LCA in a General Binary Tree
Without the BST property, we can’t use value comparisons. Instead, we use a beautiful recursive approach:
- If the current node is
null,p, orq, return it. - Recurse on left and right subtrees.
- If both sides return non-null, the current node is the LCA (p and q are on different sides).
- If only one side returns non-null, that’s where both nodes are — return that side.
function lowestCommonAncestor(root, p, q) {
if (!root || root === p || root === q) return root;
const left = lowestCommonAncestor(root.left, p, q);
const right = lowestCommonAncestor(root.right, p, q);
if (left && right) return root; // p and q on different sides
return left || right; // both on the same side
}def lowest_common_ancestor(root, p, q):
if not root or root == p or root == q:
return root
left = lowest_common_ancestor(root.left, p, q)
right = lowest_common_ancestor(root.right, p, q)
if left and right: return root # p and q on different sides
return left or right # both on the same sideTreeNode lowestCommonAncestor(TreeNode root, TreeNode p, TreeNode q) {
if (root == null || root == p || root == q) return root;
TreeNode left = lowestCommonAncestor(root.left, p, q);
TreeNode right = lowestCommonAncestor(root.right, p, q);
if (left != null && right != null) return root; // different sides
return left != null ? left : right; // same side
}Time: O(n) — we might visit every node. Space: O(h) — recursion stack.
Walking Through the Logic
Let’s trace through finding LCA(4, 7) in our tree [3, 2, 7, 4, 5]:
Distance Between Two Nodes
A common follow-up: find the distance (number of edges) between two nodes. Once we have the LCA, the distance is:
distance(p, q) = depth(p) - depth(LCA) + depth(q) - depth(LCA)

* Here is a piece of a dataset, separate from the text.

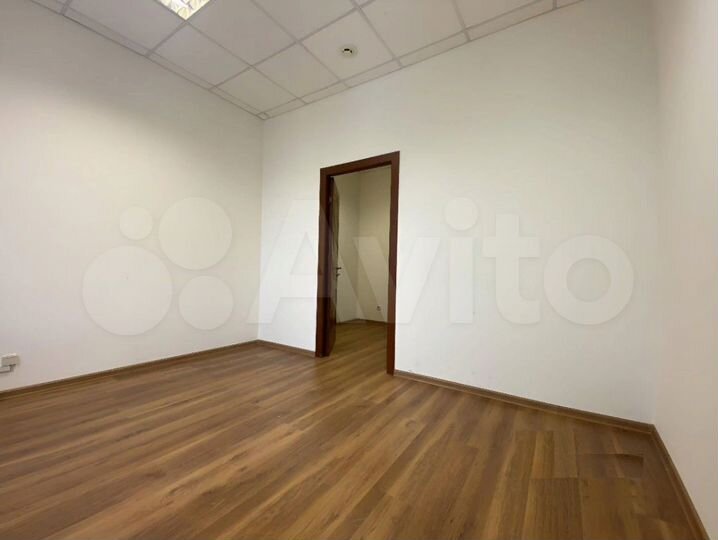 Офис (B), 391.7 м²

Or equivalently: find the LCA, then calculate the distance from LCA to p and LCA to q, and add them.
function distFromNode(root, target, dist = 0) {
if (!root) return -1; // not found
if (root === target) return dist;
const left = distFromNode(root.left, target, dist + 1);
if (left !== -1) return left; // found in left subtree
return distFromNode(root.right, target, dist + 1);
}
function distBetween(root, p, q) {
const lca = lowestCommonAncestor(root, p, q);
return distFromNode(lca, p) + distFromNode(lca, q);
}def dist_from_node(root, target, dist=0):
if not root: return -1 # not found
if root == target: return dist
left = dist_from_node(root.left, target, dist + 1)
if left != -1: return left # found in left
return dist_from_node(root.right, target, dist + 1)
def dist_between(root, p, q):
lca = lowest_common_ancestor(root, p, q)
return dist_from_node(lca, p) + dist_from_node(lca, q)int distFromNode(TreeNode root, TreeNode target, int dist) {
if (root == null) return -1; // not found
if (root == target) return dist;
int left = distFromNode(root.left, target, dist + 1);
if (left != -1) return left; // found in left
return distFromNode(root.right, target, dist + 1);
}
int distBetween(TreeNode root, TreeNode p, TreeNode q) {
TreeNode lca = lowestCommonAncestor(root, p, q);
return distFromNode(lca, p, 0) + distFromNode(lca, q, 0);
}Time: O(n) for finding LCA + O(n) for distances = O(n) total.
Key Takeaways
- LCA in a BST is easy — just follow the BST property until the paths to p and q split.
- LCA in a general binary tree uses a clever recursive approach: recurse both sides, and if both return non-null, the current node is the answer.
- The general LCA code is surprisingly short (about 5 lines) but the logic is deep. Make sure we can trace through it step by step.
- Distance between two nodes = distance from LCA to p + distance from LCA to q.
In simple language, LCA is about finding where two paths from the root diverge. In a BST we can use value comparisons to walk down efficiently. In a general tree, we let recursion do the heavy lifting.